El salmista, fue tentado ante tanto esplendor. Fue una tentación fugaz que se
disipó “entrando en el santuario de Dios”. Quizás el salmista acudió al templo
y allí reflexionó y se dio cuenta de que la “prosperidad de los impíos “no es
nada más que oropel, latón pulido que imita el oro. El salmista a pesar de las
carencias materiales que tenía era infinitamente más rico que el magnate más
poderoso de este mundo porque sus riquezas “no durarán para siempre”. En
cambio, tener a Dios es poseer el tesoro que el ladrón más experto no le podrá
robar, ni el ácido más corrosivo destruir. El salmista no poseía carruajes de
gran lujo, Tal vez convivía con un asno que era su medio de transporte, pero
era feliz porque el Señor era su bien más preciado.
Al
meditar en el Señor, el salmista “comprendió el fin de ellos”. Las riquezas de
los poderosos dejaron de deslumbrarle porque entendió que no las necesitaba
para ser feliz. Para disfrutar de la vida en plenitud le bastaba con tener a
Dios. La reflexión traspasó las nubes y le condujo a las mansiones celestiales
en donde el Señor le estaba preparando un lugar para él y comprendió que los
magnates, las estrellas del espectáculo, los impíos no tienen plaza reservada
para ellos.
El
salmista no se alegró al “comprender el fin de ellos”, no sería de buen
cristiano hacerlo. Oraría por ellos para que el Señor les abriera los ojos para
que a su vez comprendiesen el fin que les espera. En tanto el Señor no llame a
las estrellas del espectáculo, a los magnates, a los impíos a dejar este mundo,
tienen aún la posibilidad de abrir los ojos y por la fe en Jesús contemplarle preparar
lugar para ellos. Mostremosles la misericordia que Dios ha puesto en nuestros
corazones.
ÉXODO 10: 23
“Nadie vio a su prójimo, ni nadie se
levantó de su lugar en tres días, pero todos los hijos de Israel tenían luz en
sus habitaciones”
Debido
a la obstinación el faraón las tinieblas invadieron toda la tierra de Egipto.
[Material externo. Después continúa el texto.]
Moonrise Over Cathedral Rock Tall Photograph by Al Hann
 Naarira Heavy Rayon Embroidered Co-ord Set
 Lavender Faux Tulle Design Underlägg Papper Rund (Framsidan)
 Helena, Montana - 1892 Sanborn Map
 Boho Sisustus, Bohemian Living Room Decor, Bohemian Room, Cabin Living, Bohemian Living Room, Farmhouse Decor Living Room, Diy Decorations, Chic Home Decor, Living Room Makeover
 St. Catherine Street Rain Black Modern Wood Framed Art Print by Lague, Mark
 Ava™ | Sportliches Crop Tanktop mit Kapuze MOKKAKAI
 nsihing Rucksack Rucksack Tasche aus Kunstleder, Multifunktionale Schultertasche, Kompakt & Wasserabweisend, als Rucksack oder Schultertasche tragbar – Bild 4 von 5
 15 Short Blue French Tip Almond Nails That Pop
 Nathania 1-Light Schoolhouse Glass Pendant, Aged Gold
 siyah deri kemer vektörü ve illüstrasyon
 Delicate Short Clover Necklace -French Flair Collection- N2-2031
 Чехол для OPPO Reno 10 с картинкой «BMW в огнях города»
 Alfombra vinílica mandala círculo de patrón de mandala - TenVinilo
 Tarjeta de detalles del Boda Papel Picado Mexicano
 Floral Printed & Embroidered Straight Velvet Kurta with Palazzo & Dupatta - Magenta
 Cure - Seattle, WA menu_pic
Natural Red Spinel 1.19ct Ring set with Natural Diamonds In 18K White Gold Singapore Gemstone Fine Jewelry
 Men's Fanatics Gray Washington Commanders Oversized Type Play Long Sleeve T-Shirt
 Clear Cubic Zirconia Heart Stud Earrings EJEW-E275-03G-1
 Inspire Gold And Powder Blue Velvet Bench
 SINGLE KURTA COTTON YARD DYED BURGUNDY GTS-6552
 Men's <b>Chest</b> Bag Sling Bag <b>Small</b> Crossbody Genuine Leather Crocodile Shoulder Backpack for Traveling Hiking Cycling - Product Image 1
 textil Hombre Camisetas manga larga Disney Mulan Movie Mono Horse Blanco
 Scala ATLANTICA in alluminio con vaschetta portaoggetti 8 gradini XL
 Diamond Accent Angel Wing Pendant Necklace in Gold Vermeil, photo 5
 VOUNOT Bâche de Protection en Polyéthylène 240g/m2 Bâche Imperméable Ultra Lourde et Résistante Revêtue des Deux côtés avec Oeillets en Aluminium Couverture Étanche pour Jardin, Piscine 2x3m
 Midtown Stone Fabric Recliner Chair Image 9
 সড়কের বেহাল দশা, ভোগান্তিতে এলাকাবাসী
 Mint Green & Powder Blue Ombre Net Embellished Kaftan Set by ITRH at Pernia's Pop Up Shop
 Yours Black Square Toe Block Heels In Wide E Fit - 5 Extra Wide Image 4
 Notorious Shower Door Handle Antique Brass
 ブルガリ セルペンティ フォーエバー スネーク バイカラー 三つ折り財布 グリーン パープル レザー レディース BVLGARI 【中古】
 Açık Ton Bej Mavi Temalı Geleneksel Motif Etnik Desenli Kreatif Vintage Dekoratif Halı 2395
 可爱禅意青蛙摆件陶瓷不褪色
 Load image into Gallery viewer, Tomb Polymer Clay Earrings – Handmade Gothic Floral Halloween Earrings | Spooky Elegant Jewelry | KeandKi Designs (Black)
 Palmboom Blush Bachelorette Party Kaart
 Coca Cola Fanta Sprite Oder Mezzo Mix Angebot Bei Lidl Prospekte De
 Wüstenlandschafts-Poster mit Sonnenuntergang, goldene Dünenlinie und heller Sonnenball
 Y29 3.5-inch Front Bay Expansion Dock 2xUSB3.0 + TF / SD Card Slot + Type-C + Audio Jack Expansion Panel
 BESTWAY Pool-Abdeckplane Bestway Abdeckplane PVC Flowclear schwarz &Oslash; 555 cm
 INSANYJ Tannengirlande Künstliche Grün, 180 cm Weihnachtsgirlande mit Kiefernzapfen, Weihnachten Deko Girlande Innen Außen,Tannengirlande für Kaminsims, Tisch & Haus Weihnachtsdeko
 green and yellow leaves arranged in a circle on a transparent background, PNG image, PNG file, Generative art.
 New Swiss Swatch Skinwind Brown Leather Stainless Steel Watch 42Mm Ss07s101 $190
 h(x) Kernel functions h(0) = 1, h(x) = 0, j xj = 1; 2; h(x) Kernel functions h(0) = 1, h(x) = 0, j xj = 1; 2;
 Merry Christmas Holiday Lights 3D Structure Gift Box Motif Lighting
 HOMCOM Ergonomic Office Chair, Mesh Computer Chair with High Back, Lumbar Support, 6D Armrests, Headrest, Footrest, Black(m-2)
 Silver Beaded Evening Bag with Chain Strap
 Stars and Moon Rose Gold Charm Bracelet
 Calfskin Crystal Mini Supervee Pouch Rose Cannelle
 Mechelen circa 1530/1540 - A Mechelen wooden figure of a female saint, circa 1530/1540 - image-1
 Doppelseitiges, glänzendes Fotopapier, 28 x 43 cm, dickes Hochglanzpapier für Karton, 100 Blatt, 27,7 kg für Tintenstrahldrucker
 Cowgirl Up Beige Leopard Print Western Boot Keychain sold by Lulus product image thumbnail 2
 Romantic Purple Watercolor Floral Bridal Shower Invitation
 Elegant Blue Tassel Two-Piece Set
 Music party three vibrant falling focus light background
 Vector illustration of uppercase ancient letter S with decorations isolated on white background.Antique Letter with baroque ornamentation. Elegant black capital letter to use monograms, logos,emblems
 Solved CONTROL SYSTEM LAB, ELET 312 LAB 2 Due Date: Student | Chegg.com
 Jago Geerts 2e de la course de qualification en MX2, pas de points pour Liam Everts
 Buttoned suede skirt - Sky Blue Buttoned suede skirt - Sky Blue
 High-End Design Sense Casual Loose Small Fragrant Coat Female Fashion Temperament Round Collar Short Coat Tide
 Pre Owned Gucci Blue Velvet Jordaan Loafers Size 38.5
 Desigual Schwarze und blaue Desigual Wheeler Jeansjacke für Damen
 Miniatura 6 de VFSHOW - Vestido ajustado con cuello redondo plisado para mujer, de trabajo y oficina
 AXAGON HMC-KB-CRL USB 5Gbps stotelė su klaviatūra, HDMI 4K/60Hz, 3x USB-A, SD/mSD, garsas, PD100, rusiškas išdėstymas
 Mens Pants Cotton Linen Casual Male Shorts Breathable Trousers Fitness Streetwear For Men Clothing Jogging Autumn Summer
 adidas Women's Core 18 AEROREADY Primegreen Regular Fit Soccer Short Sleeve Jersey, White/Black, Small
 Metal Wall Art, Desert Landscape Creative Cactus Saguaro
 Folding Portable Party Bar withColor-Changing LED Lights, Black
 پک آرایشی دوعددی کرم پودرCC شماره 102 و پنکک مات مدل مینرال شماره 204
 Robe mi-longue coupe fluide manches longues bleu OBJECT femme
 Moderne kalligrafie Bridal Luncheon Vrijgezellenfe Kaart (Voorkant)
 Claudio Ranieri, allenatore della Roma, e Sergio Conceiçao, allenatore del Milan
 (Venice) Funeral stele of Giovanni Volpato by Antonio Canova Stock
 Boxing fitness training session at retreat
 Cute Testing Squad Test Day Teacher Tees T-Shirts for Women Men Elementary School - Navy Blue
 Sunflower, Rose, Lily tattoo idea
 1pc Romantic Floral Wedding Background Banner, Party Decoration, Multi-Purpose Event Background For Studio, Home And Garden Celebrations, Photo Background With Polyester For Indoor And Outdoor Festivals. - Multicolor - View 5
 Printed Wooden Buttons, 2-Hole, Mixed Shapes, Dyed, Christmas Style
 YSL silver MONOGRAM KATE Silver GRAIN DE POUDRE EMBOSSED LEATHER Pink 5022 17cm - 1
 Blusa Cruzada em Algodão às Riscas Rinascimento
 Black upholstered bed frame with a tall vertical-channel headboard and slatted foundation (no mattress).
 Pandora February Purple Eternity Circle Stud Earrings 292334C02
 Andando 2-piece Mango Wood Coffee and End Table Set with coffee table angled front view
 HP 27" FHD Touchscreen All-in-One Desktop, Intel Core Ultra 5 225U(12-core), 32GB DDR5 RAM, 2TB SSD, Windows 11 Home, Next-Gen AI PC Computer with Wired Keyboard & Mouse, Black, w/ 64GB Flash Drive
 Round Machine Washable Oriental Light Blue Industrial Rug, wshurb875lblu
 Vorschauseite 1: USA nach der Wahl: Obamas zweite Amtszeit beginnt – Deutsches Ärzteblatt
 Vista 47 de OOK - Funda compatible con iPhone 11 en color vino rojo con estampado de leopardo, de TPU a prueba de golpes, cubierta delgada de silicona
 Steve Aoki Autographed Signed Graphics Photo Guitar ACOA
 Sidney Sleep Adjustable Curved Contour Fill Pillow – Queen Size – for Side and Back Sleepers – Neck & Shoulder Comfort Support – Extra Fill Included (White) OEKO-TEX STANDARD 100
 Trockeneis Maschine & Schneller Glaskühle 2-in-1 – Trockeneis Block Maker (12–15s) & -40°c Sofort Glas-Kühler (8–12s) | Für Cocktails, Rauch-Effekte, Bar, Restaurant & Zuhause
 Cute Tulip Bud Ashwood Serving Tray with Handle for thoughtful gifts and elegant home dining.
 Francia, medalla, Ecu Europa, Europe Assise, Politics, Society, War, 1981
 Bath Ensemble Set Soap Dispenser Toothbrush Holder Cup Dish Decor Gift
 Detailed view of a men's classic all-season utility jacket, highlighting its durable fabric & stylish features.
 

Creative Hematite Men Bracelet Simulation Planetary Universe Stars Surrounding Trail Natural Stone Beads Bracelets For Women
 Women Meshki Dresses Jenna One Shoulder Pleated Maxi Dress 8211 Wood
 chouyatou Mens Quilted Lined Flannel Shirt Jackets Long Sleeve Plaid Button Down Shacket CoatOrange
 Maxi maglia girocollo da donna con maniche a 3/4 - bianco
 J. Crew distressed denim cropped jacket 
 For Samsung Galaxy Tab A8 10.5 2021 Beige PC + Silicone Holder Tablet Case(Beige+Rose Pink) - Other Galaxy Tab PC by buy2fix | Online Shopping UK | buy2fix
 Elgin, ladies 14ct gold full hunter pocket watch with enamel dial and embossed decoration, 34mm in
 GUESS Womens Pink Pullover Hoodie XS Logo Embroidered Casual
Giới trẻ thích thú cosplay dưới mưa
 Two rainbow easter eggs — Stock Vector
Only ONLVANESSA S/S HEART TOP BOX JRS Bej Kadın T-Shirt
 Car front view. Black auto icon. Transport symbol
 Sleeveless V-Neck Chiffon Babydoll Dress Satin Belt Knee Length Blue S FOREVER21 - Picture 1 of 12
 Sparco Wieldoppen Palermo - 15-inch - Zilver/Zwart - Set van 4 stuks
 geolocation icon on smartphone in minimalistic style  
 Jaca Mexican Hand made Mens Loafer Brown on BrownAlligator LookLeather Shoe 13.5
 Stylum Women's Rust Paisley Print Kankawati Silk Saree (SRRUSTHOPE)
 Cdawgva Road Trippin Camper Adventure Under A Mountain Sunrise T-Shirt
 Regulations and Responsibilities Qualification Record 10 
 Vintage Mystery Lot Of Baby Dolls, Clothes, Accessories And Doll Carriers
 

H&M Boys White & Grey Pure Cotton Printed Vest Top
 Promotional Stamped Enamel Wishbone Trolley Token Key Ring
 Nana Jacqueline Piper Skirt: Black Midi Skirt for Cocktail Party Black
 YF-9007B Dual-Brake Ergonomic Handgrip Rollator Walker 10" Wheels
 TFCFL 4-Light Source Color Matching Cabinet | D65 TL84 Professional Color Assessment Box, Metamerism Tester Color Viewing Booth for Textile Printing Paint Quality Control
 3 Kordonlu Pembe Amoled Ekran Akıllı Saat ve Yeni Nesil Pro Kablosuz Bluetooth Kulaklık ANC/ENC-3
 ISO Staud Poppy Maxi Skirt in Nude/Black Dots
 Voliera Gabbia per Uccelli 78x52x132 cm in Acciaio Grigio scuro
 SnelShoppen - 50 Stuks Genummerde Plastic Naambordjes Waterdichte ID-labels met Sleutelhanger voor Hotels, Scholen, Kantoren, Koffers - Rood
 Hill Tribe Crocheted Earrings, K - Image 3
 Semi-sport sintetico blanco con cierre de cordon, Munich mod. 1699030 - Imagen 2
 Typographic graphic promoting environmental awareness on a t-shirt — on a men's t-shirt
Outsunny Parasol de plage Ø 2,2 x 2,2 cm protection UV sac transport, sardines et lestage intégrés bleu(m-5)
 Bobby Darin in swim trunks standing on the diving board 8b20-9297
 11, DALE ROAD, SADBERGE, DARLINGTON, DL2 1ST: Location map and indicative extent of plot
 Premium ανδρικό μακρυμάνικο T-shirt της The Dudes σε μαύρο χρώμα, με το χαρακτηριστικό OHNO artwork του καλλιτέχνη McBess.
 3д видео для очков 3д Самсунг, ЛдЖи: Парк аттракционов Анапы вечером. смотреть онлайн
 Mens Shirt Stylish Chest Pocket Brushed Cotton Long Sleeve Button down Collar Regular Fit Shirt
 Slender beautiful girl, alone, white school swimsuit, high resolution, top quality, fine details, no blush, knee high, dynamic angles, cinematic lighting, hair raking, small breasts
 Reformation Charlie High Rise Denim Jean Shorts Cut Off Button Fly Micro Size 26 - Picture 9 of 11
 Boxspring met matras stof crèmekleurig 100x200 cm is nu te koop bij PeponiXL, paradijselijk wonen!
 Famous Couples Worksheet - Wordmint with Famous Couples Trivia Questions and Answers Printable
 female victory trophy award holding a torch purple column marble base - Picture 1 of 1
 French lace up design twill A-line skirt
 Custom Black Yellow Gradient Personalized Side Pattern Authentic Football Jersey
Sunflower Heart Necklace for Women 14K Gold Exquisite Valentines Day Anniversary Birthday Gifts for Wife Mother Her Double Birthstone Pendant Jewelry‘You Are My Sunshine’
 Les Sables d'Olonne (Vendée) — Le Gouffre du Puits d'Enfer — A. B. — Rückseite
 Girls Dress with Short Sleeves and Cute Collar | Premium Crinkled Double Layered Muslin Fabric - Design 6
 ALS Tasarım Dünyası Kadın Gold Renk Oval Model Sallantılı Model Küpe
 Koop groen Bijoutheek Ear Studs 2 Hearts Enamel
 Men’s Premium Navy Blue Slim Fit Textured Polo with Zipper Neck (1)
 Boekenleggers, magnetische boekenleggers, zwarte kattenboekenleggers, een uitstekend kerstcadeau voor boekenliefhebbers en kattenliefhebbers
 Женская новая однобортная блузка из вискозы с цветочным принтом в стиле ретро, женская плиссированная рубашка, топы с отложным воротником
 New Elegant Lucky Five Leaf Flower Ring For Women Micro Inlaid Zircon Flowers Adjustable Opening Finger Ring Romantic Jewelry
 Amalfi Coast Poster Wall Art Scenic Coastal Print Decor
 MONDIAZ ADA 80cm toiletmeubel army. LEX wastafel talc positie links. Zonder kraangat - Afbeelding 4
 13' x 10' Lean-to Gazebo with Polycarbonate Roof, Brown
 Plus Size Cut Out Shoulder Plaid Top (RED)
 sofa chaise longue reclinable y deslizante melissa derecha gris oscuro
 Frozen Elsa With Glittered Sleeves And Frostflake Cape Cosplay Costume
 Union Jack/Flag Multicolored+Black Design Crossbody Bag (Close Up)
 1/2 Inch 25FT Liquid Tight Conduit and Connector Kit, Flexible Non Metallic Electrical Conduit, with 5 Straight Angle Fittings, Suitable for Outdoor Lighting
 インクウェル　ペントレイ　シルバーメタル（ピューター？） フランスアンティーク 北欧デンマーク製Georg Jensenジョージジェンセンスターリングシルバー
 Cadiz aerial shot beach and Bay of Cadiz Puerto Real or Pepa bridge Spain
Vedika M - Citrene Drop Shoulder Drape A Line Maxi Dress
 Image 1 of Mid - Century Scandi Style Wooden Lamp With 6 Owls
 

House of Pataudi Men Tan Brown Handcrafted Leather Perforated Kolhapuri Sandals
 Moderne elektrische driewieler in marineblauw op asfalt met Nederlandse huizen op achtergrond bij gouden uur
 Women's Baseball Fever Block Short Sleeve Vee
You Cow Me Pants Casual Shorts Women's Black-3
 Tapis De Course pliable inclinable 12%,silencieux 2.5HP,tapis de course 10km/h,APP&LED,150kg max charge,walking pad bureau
La oscuridad era tan espesa que paralizó el país durante tres días. Todo Egipto
a oscuras “pero todos los hijos de Israel tenían luz en sus habitaciones”. Un
apagón de luz por un poco de tiempo nos es muy molesto, ¡Cuánto más debía serlo
tres días de oscuridad total, sin un rayo de luz que iluminase sus hogares!
La
obstinación del faraón de no querer oír la voz el Señor que le llegaba por
medio de Moisés ocasionó que el castigo de Dios descendiera sobre Egipto. Si la
oscuridad física es tan traumática, mucho más lo son las tinieblas
espirituales. Las tinieblas espirituales implican que la luz de Dios llegue
parcialmente a los hombres. Digo parcialmente porque todavía no ha ocurrido el
eclipse total del Sol de Justicia que es Jesucristo. El Señor en su
misericordia permite que de entre los espesos nubarrones que amenazan tormenta
se filtren unos tenues rayos de luz celestial. Si unas espesas tinieblas
espirituales mitigadas hoy por unos tenues rayos de la luz de Dios porque el
Espíritu Santo impide que la maldad del hombre se exprese con toda su potencia,
son tan terribles, ¡qué no será mañana cuando los hombres que hoy no han
conocido a Dios “sufrirán pena de eterna perdición, excluidos de la presencia
del Señor y de la gloria de su poder!” (2 Tesalonicenses 1: 9).
La
eterna condenación “excluidos de la presencia del Señor y de la gloria de su
poder”, será una eternidad sufriendo una oscuridad espantosa sin la más remota
esperanza de que un rayo de luz divina, ni por equivocación, ilumine sus ojos.
Una eternidad envueltos de espantosas tinieblas es la consecuencia de imitar
los hombres al faraón que en su obstinación se negó a escuchar la voz de Dios.
Juan
el Bautista, como satélite del Sol
de Justicia “dio testimonio de la luz, a fin de que todos creyeran por él…y los
suyos no le recibieron” (Juan 1: 7, 11). Juan nos da una explicación de por qué
un cierto número de personas se pasarán la eternidad “excluidos de la presencia
de Dios y de la gloria de su poder”: “Y esta es la condenación: que la luz vino
al mundo, y los hombres amaron más las tinieblas que la luz, porque sus obras
eran malas. Porque todo aquel que hace lo malo, aborrece la luz no viene a la luz, para que sus obras no sean
reprendidas” (Juan 3: 19,20). La condenación eterna es consecuencia de una
decisión viviendo en este mundo terrenal.